Steve Molino, a consultant who has advised on flood plain planning for 20 years, says places which have not flooded recently also need to be examined.
“You do need to look at the places that have flooded but you also need to look at the places that did not flood,” he said.
“There’s many places in Queensland that got out of the floods this year and got out of the floods last year scot free, but are at just as much risk of flooding as many of the places that flooded last year or this year.
“Those places need to be encompassed in any studies that are done.”
And that is just Queensland.
Mr Molino says the potential flood risk across all of Australia is “huge”.
Hayden Betts, who has a PhD in flood plain management and works for KPR consulting engineers in Brisbane, agrees.
“I’m not sure how many hydrologists and hydro-engineers there are in the country – must be a thousand or two. If they applied their mind to it, I think there’d probably be enough work to keep them going for a decade or three,” he said.
But Mr Molino says Australia’s flood preparation is patchy.
“We have places where there are good structural works in place; there are places where structural works are needed,” he said.
“There are places where there is good town planning place; there are many places where better town planning is needed.”
And therein lies the big problem – just who is responsible for planning and dealing with floods in Australia?
“The responsibility falls to local, state and federal government but it varies around the country,” Mr Molino said.
Steve Opper, the director of community safety with the New South Wales State Emergency Service, thinks New South Wales has got the balance about right.
“Our situation I believe is extremely robust,” he said.
“The State Emergency Service in New South Wales is unique nationally in that we control the management of floods in an emergency context all the way from state level to local government level.
“In other jurisdictions, quite often it might be just the local council that’s responsible for planning and they may just not have enough expertise to do that.”
Money is also an issue.
Take the problem of levees – the raised banks which can protect towns from floods.
Often state governments might provide the funds to build levees but then leave it to local government to do the maintenance.
“There are levees that have been built, have settled over decades and are now providing a lower level of protection than they were originally designed to provide,” Mr Molino said.
“And there are many levees that have just been left to their own devices; there’s been no maintenance undertaken on them and therefore there’s cracks appearing in them, there’s trees growing in them.”
Then there is the problem of protecting our big cities.
Mr Molino points to the fact that there have been a number of one-in-a-thousand flood events in Australia in the past five years.
Luckily they have been in sparsely-populated areas, but Mr Molino says the damage would be far worse if a rare flood were to occur in a bigger city.
“If a flood of that frequency were to occur somewhere like the Gold Coast, on the Hawkesbury Nepean river or on the Georges River – they’re major rivers running through Sydney – floods of that type of frequency, and they do occur around the world all the time, were they to occur in one of those areas, we’re talking about tens of thousands of houses under water and many of those homes washed away,” he said.
“And Melbourne is not immune.
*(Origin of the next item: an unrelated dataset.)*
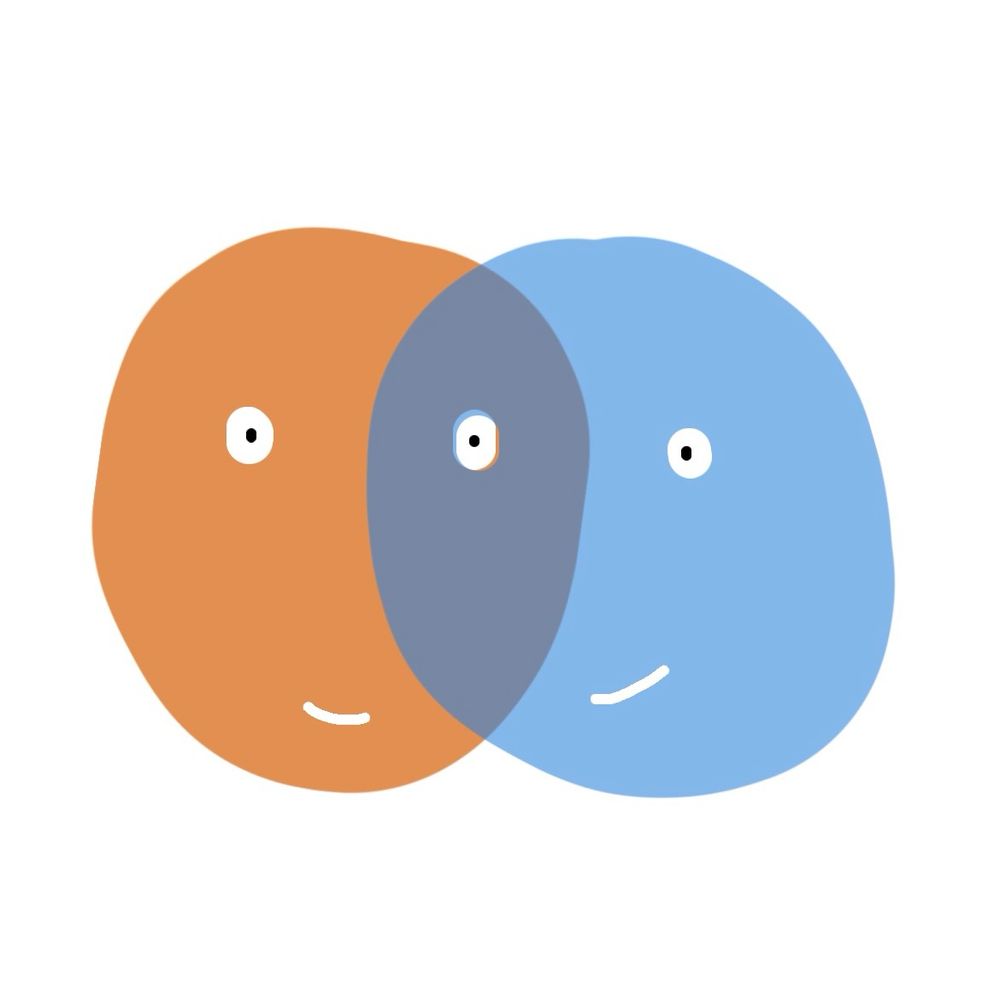 Zwei Köpfe als flächige Kreise dargestellt. Der rechte halbtransparent blau, der andere ebenso in Orange. Beide überschneiden sich zu einem knappen Drittel. Beide Kreise haben Augen. Das linke des einen Kopfes deckt sich mit dem des anderen. Im Ergebnis sieht man scheinbar nur drei Augen. Beide Köpfe lächeln leicht. Wobei einer eher erstaunt schaut. by Thorsten Möhlmann 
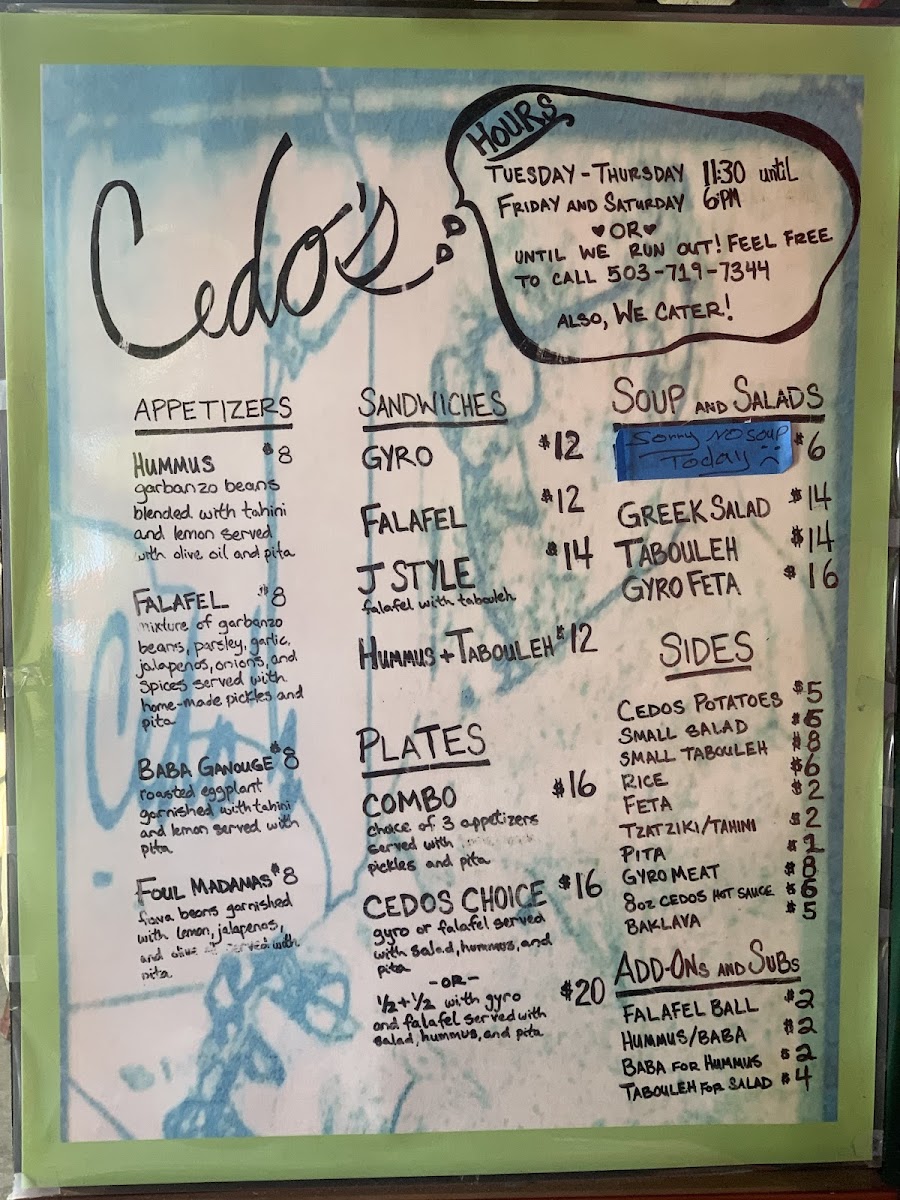 Menu Cedo's Falafel And Gyros-2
Melbourne has the Yarra and the Maribyrnong River and other rivers – as Melbourne expands – going into other catchment areas.
“The Torrens through Adelaide hardly ever flows, but it can flood.
“The Swan River in Western Australia.
“All our major cities have been built for historical reasons around rivers and on flood plains, so there are parts of our cities where we really do need to rethink whether those areas should be vacated and put over to other uses.”
For Mr Opper, who has drawn up the plan for evacuating tens of thousands of houses in western Sydney, proper town planning is part of flood preparation.
“The balance between how much development we put in an area and the flood risk is a very complex one; between what you can achieve to create housing and places for people to live against the risk that you place when you live almost anywhere,” he said.
Last year, the state and federal governments signed off on a national strategy for disaster resilience, which deals with floods.
It makes note that all levels of government must share the responsibility.
But some people believe that system does not work.
Dr Anthony Bergin, the director of research at the Australian Strategic Policy Institute, says the Federal Government should be taking the lead.
“Now’s the time for the Commonwealth to take a leadership role in natural disaster planning, particularly flood plain planning,” he said.
“The new Federal Emergency Management Minister Robert McLelland needs to be arguing an economic case for disaster mitigation around micro-economic reform, because a dollar spent in mitigation – flood mitigation – does save somewhere between two and $10 in reduced disaster response and recovery costs.
“And this could be the opportunity for him to leave a legacy of national leadership around disaster management.”